(The records Opens)

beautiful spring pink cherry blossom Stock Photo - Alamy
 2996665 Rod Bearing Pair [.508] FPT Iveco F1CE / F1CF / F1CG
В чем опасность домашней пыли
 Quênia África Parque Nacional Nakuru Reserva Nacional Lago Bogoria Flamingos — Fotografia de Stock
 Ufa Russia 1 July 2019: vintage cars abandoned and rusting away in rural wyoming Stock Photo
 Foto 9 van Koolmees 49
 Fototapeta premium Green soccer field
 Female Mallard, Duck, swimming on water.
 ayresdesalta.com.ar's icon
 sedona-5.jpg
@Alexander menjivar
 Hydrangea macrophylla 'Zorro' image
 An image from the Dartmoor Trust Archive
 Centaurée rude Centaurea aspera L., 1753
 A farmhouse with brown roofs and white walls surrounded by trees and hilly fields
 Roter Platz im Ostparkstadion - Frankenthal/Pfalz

(The records Closes)

Problem statement
The records above are to be copied in full, exactly as written.

Solution to this problem
beautiful spring pink cherry blossom Stock Photo - Alamy
 2996665 Rod Bearing Pair [.508] FPT Iveco F1CE / F1CF / F1CG
В чем опасность домашней пыли
 Quênia África Parque Nacional Nakuru Reserva Nacional Lago Bogoria Flamingos — Fotografia de Stock
 Ufa Russia 1 July 2019: vintage cars abandoned and rusting away in rural wyoming Stock Photo
 Foto 9 van Koolmees 49
 Fototapeta premium Green soccer field
 Female Mallard, Duck, swimming on water.
 ayresdesalta.com.ar's icon
 sedona-5.jpg
@Alexander menjivar
 Hydrangea macrophylla 'Zorro' image
 An image from the Dartmoor Trust Archive
 Centaurée rude Centaurea aspera L., 1753
 A farmhouse with brown roofs and white walls surrounded by trees and hilly fields
 Roter Platz im Ostparkstadion - Frankenthal/Pfalz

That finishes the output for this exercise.